The client program only needed to build a relatively small lookup table, and only needed to be told which orientation case to calculate. The results it needed to pass back to the host was just a small set of numbers giving the number of positions of each distance (and a number identifying the orientation case, of course). So the problem was well suited to distributed computing.

See this link for more infomation about it:

http://www.speedsolving.com/showthread.php?t=3040

(There was also a thread about this on the Yahoo speedsolvingrubikscube forum.)

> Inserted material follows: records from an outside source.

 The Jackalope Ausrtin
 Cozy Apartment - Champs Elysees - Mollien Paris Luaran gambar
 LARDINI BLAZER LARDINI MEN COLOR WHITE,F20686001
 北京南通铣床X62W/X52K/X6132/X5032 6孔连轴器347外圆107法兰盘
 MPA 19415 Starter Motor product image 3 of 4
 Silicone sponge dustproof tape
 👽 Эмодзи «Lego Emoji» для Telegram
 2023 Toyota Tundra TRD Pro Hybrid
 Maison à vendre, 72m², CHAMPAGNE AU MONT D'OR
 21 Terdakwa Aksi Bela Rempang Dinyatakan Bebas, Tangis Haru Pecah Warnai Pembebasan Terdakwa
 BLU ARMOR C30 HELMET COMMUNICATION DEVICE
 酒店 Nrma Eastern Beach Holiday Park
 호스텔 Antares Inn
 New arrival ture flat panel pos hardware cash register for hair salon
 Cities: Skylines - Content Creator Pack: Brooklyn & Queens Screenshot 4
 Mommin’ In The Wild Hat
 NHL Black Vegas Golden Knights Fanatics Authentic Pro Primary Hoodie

### Three Possible Distributed Computing Strategies

1. The program that would be run on numerous machines in a distributed fashion would be an optimal solver that would solve individual positions rather than cosets. A central server would upon request serve out a range of positions to be worked on, and when those positions were completed the results would be reported back to the central server. The search space would of course be reduced by symmetry and antisymmetry.

The chief problem with this strategy right now is simply speed. If I understand correctly, the best optimal solvers for individual positions currently can solve a few hundred positions per second. The speed needs to be increased to about 14,000 positions per second to get the time to solve the problem down to 1,000,000 computer years.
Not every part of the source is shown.